After the connection is successful, you will be prompted to add the host key to a cache. Press Accept

text

Finally, you will be presented with a window with your Windows folders on the left and your matmod folders on the right. Now you can simply drag and drop the files you want into matmod. In this example, we are uploading some file containing instructions, but in your case you might be uploading the DFT input files.

text

Task

Using WinSCP, upload a file of your choice to matmod.
Using the Linux command line you were using previously, check with ls that the file you just uploaded shows up in the correct directory.

13. Logging out

Once you're done, exit the session by closing the terminal and then pressing OK. This will close Putty. Finally, go back to the Cloudpaging Player, select Xming, Stop the application and press Yes.

text

14. IMPORTANT - Disk quota limitations

The matmod server is shared among all the students. To prevent any one student from using up too much storage, each student is limited to 1GB of storage in their home directory. This is not a lot, considering that many DFT calculations will store files consisting of several hundreds of MB. To get around this, matmod provides another directory called data inside your home directory which has a much higher storage capacity. As you progress throught the DFT course, please use the data directory instead of the home directory to perform your calculations.

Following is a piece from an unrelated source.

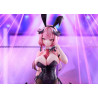PREORDER - Stella Sora - Figure Bernina, Bunny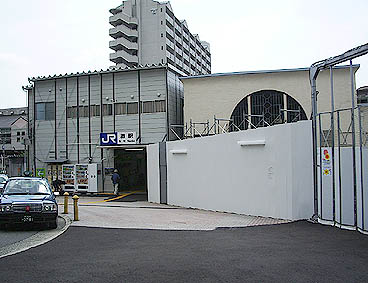 ��w���w��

If you come across any of the following problems, it's probably because you ran out of space in your home directory: - You get a disk storage error when creating new files or running DFT calculations. - You cannot run gedit because you get an error instead of the window showing up. - When you login, you get a message concerning XAuthority.

15. Summary

There are a lot of commands to remember from this week's lab. You can always refer back to this week, but to make things easier in future weeks you might find a cheatsheet useful. If you don't want to make your own, a quick Google search of Linux cheat sheet brings up a number of options.

To run the DFT example in this lab you will need to do the following:

Make a directory that will hold the material for the MSE404 labs: mkdir ~/MSE404-MM.
Copy the directory with the inputs for this lab to this directory: cp -r /opt/MSE404-MM/docs/labs/lab01 ~/MSE404-MM.
Load the modules needed to run Quantum Espresso: module load quantum-espresso.
Go to the directory with the input files you copied cd ~/MSE404-MM/lab01/helium.
Use pw.x to process the input file, saving the output to a file: pw.x < He.in > He.out.
Take a look through the output file: less He.out.
Logout of the remote server once you're done.